This is where William Randolph Hearst stored many of his treasures while his castle on the hill was being built. It looks onto the Pacific Ocean, waves lapping on the beach just feet from its doors, all the better to unload shipped goods directly into its locked walls. It sits empty, save a few stacks of building materials and many piles of guano. It is not open to the public. I got to see it because I was on a press trip last week. Plenty of things I do as a food writer that sound super fun to other people don’t end up being nearly as great as one would think, but once in awhile I get to do something that excites even my jaded self.
I went on the trip for the abalone farm (see my visit here), but found delight around nearly every corner, from a singularly focused (some might say almost crazed) Frenchman bent on making the “perfect Cabernet,” to a farmer with a preternatural ability to find the silver lining (“we lost our peach crop to a late freeze last year, but all that energy that would have gone into the peaches went back into the trees and we got tremendous growth!”), to a family of grape growers turned wine makers with a fine tradition of layering Tellegio on their polenta before topping the lot with spicy beef stew. And, of course, I walked through the space pictured above which, despite a truly objectionable smell of guano and mold, was wondrous. You could sense the cool stuff that has spent time in its colonial mission-style walls, with recessed windows and a bell tower (all the better to announce that help was needed down at the dock) and custom-made locks. It is a singular place, which stands out in an increasingly cookie-cutter world.
For the last two months I had been feeling as overloaded as my cookbook shelves. I’ve had so much work on my plate at such a constant rate that I frequently felt like a deer in the headlights, unable to move or think, confused at what item on my to-do list could possibly be the most pressing. Spending a few days around people so fully engage in what they do, having a few hours away from the screen, being out of doors for more than half an hour at a stretch—it all worked together to start to fill the well. I hadn’t even acknowledged how dry my creative well felt (although my utter inability to come up with a single thing to write about here should have been a sign) until, all of the sudden, it wasn’t. It’s not overflowing, by any means, but at least I can remember that it’s there.
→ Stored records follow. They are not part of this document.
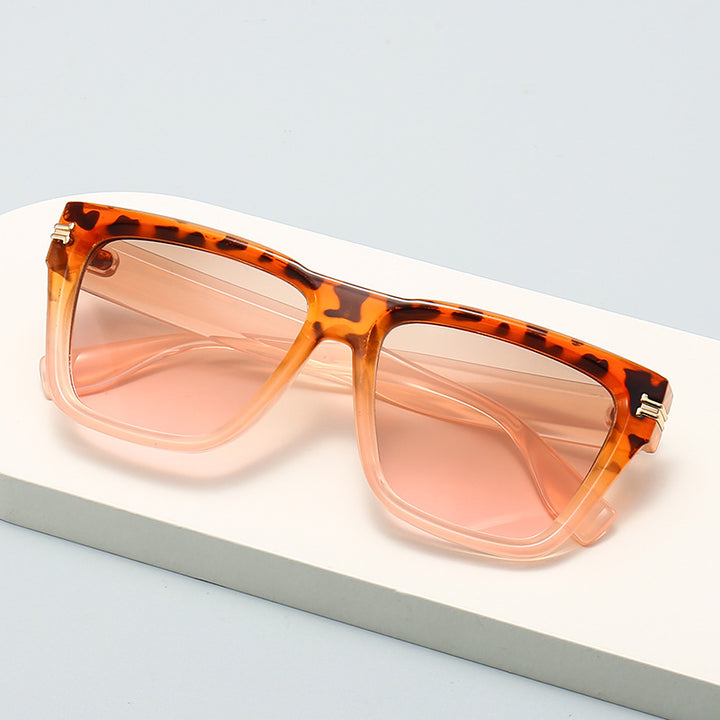 Women Modern Square Sunglasses with Exclusive Accents Stornfield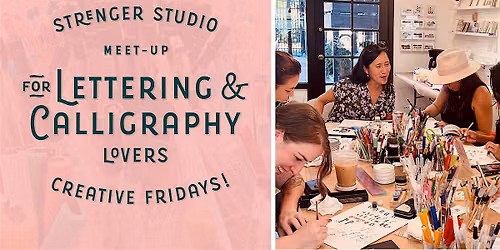 Creative Fridays - Meet up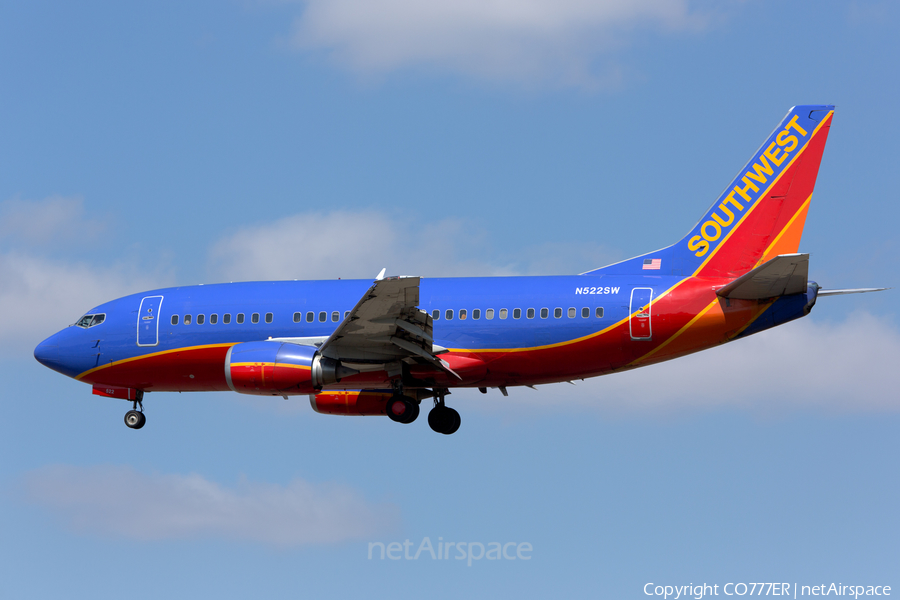 Southwest Airlines Boeing 737-5H4 (N522SW) | Photo 22854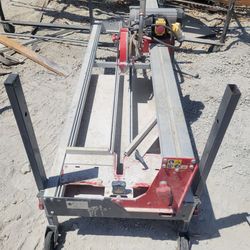 Tile saw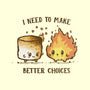 I Need To Make Better Choices-None-Polyester-Shower Curtain-kg07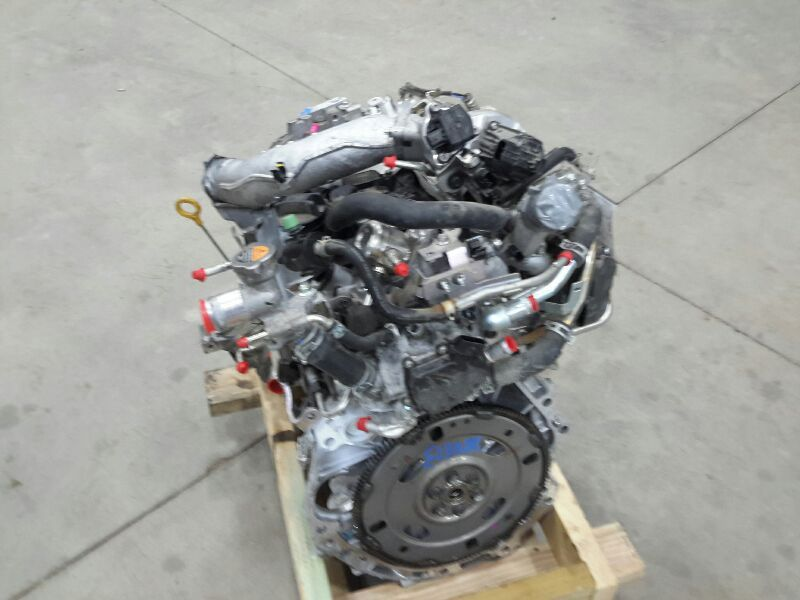 2017 NISSAN JUKE (1.6L, MR16DDT), VIN D (4th digit), CVT, S Used Engine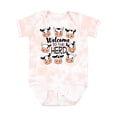 thumbnail image 1 of Inktastic Welcome to the Herd with Cute Black and White Holstein Cows Boys or Girls Baby Bodysuit, 1 of 5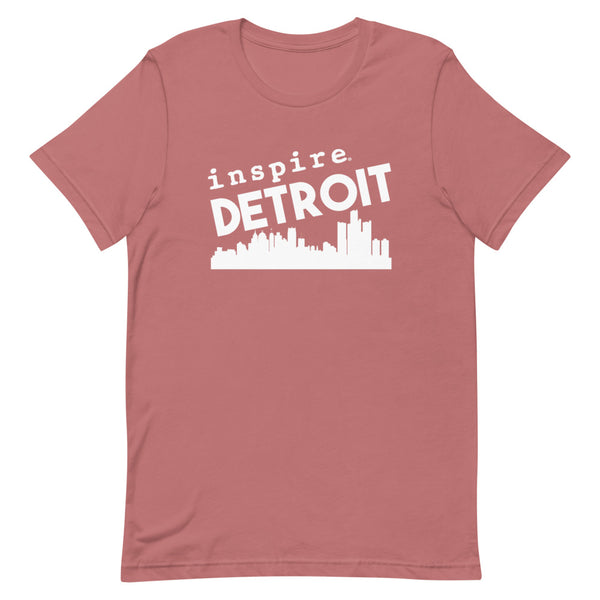 inspire Detroit Short-Sleeve Unisex T-Shirt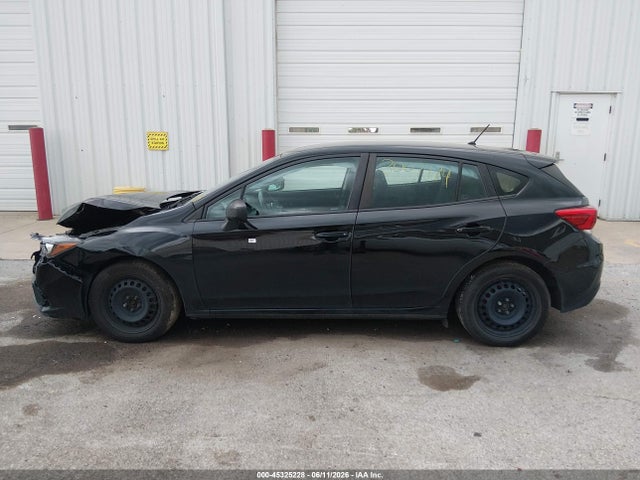 45325228 :رقم المزاد ، 4S3GTAB64N3724356 vin ، 2022 Subaru Impreza Base 5-door مزاد بيع
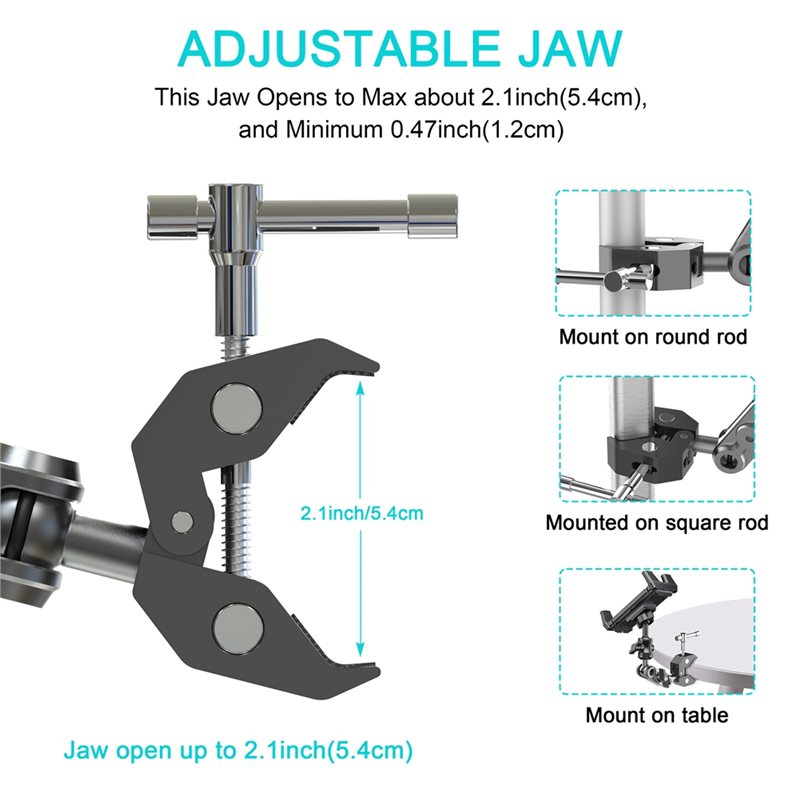 ABSK-Adjustable Phone Stand Fo - огляд і ціна Home Gym Video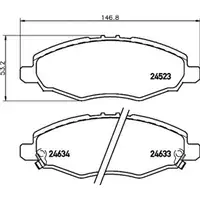 TEXTAR 2452301 PKW SBB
Between the few days in the green hills of the Central Coast and seeing how much more valuable and useful my cookbooks are after having been culled by over 30%, I’m going to take a leap and do something different here at The Dinner Files. The picture-story-recipe format isn’t exciting me anymore, and I think it shows. I’ll still be posting yummy and often painfully easy recipes over at Local Foods. (If you like my cooking style I encourage you to check over there frequently—I put up new stuff all the time: sign up for my weekly seasonal cooking newsletter, like the About Local Foods Facebook page, follow @aboutlocalfoods on Twitter). Other, usually food-centric projects will be coming this way.
Posts here won’t be as frequent, but I think they are going to be way more interesting.
It’s funny, just when things seem all tight and locked up, as secure as a well built warehouse:
They tend to open up:
If I ever own lots of treasure that needs to be stored, I can only hope I will have the decency to give it such views.